• _Instructions to follow_
Retype, exactly as they stand, the lines from the start of the data to the line that contains "First thing I", both ends included. Leave the pictures out.

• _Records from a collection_
++++++

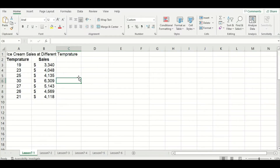We're going to start with a small data set today, which is ice cream sales for seven days, and we also have the temperature of each of those seven days. We want to see if there is any correlation between temperature and ice cream sales, so let's make a scatter plot.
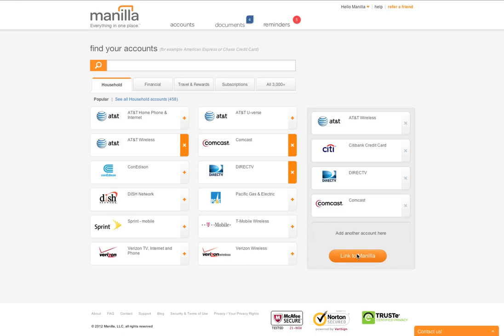Today, Manila's partners include AT&T, Citibank, Comcast, DirecTV, and others.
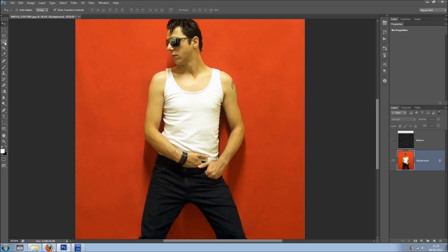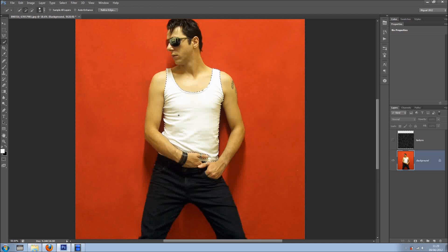First thing I want to do is grab the Quick Selection Tool and I'm just going to select the t-shirt of this guy. I'm just going to make a rough selection so you can see what's happening and what we can do. There we go, just remove the finger. It's okay, it's not bad — just a bit in here, and a bit in here, like so. And in here.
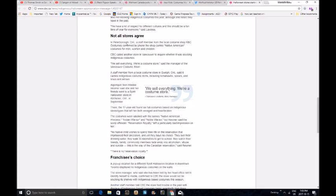Franchise's choice. A pop-up location for a Spirit Halloween location in downtown Toronto displayed no indigenous costumes on the walls. The store manager, who said she had been told by her head office not to identify herself to media. I wonder why, CBC? Maybe because of your witch hunts? Confirmed to CBC the store would not be stocking its shelves with indigenous-based costumes this season. You know, we're paying for this, right? The CBC is like the BBC, it's government funded.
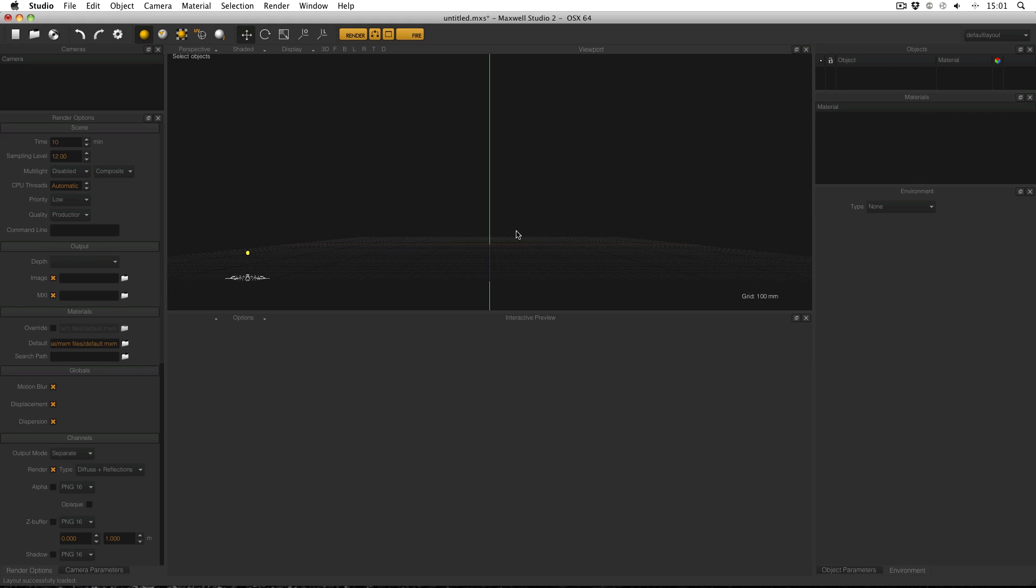Hello everyone, in this video I'm going to cover previews in Maxwell Materials. Previews are a way of seeing what a material looks like and also comparing between different material properties.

++++++

• _Solution to this exercise_
We're going to start with a small data set today, which is ice cream sales for seven days, and we also have the temperature of each of those seven days. We want to see if there is any correlation between temperature and ice cream sales, so let's make a scatter plot.
Today, Manila's partners include AT&T, Citibank, Comcast, DirecTV, and others.
First thing I want to do is grab the Quick Selection Tool and I'm just going to select the t-shirt of this guy. I'm just going to make a rough selection so you can see what's happening and what we can do. There we go, just remove the finger. It's okay, it's not bad — just a bit in here, and a bit in here, like so. And in here.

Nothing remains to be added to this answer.